It is the 40th anniversary of Earth Day. Strangely, today’s “celebration” reminds me of Frederick Douglass’s 1852 Independence Day speech when he so poignantly asked, ” What have I or those I represent to do with your national independence?” Today, black America should ask the same question of Earth Day, and more specifically, of the rallying call for “green jobs”: “What have we to do with it?”


If someone could define what a green job is, and if they really existed, and if they could alleviate staggering unemployment within the African American community, more of them would be great. But big money is being spent to promote projects based on their political support rather than environmental content. This is cutting economic growth when black unemployment is approaching 17 percent. All Americans, especially black Americans who are truly in crisis, need real jobs today, not the promise of green jobs tomorrow.

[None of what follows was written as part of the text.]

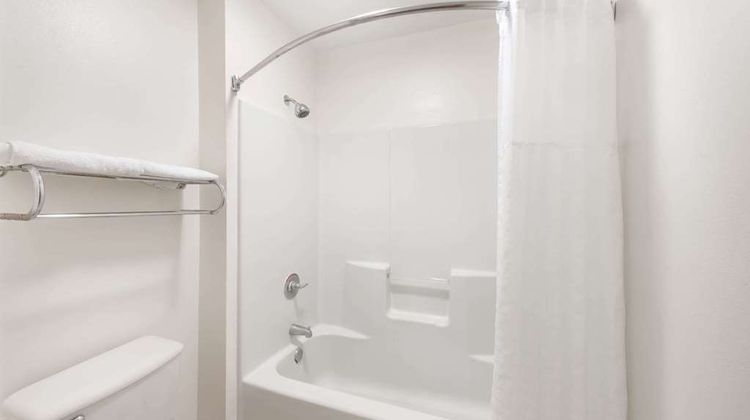 Super 8 Weslaco Room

The environment has been one of America’s great success stories over the last four decades. Our air is clearer. Our rivers are cleaner. Cars pollute less. Americans recycle more. People genuinely care about the environment. However, that does not mean that everything we have done made economic sense. Americans acted decisively to protect future generations. Today, we must remember the current generation.


Environmental problems remain, but many have been distorted for political purposes. Consider global warming. Most scientists agree the globe is warming, but only a minority believe that crisis is upon us. We’ve recently learned that the alarmists have manipulated data, cited dubious studies, and covered up their misconduct. We must not allow the fear-mongers to pressure us to adopt measures such as “cap and trade” that could wreck the economy.


Unfortunately, promoting “green” jobs isn’t a feasible alternative.


Although African-Americans are concerned about the environment, we are most likely to suffer in any campaign to create green jobs. In Focus magazine, a publication of the Joint Center for Political and Economic Studies, Phaedra Ellis-Lamkins warns that “Without strong standards for job quality, career opportunities and community hiring, the green industry will follow the well-trodden path of the ‘race-to-the-bottom.'” Indeed, minorities are most vulnerable to the painful side-effects of such government programs. “Too often, subsidy-seeking companies simply take the money and run,” writes Ellis-Lamkins.


Furthermore, the overall record of “green jobs” is extraordinarily poor.


The basic point is Milton Friedman’s old maxim: “There ain’t no such thing as a free lunch.” Money has to come from somewhere. If government is spending money on one job, it is taking money from another job.


That was the experience in Spain, which attempted to be a global leader in creating “green” jobs. It was later estimated that for every “green” job created, 2.2 jobs were lost elsewhere in the economy.


The same effect is likely in America. A report from the Institute on Energy Research, “Green Jobs: Fact of Fiction?” warns that: “the distortionary impacts of government intrusion into energy markets could prematurely force business to abandon current production technologies for more expensive ones. Furthermore, there would likely be negative economic consequences from forcing higher-cost alternative energy sources upon the economy.” Energy would cost more. Products and services which use energy would cost more. And there would be fewer jobs.


Carrie Lukas of the Independent Women’s Forum points out that the 2009 “stimulus” bill appropriated billions of dollars for “green” employment, yet many of these tasks look no different than normal construction work. Moreover, Lukas adds, “the Administration has struggled to quantify how many jobs were created.” And in many cases “green” jobs cost more than $100,000 each. It would have been cheaper to have given people the money directly.


We cannot tolerate this kind of folly with Uncle Sam broke and millions of Americans, especially African-Americans and other minorities, jobless.


The unemployment rate for African-Americans is 16.75 percent, twice that of whites. Almost one-in-five black men are out of work. Include those who are working part-time out of necessity or who have given up looking for a job, and the African-American unemployment rate is 25 percent.


The word “crisis” is much over-used today. But it applies here. We need real jobs. And we need them now. Fancy talk about economic transformation is just that: talk. A “green” transformation might eventually come. But it won’t be today, when people need work the most.


As we seek to transform our economy over the long-term, we must ensure continuing growth. That means not inflating the price of today’s efficient energy sources, particularly oil and coal. It also means enacting a jobs policy for all industries and companies. Rather than playing political favorites with financial subsidies and regulatory favors, the national and state governments should improve the economic climate by cutting tax rates, streamlining regulations, and getting public finances in order.


Earth Day reminds us about protecting the environment, but the environment ultimately is about people. “Green” jobs might arrive some day in the future, but they won’t be here in time to help people, and especially minorities, who are out of work today. Our political leaders need to focus on the present and free the private sector to do what it does best–create jobs.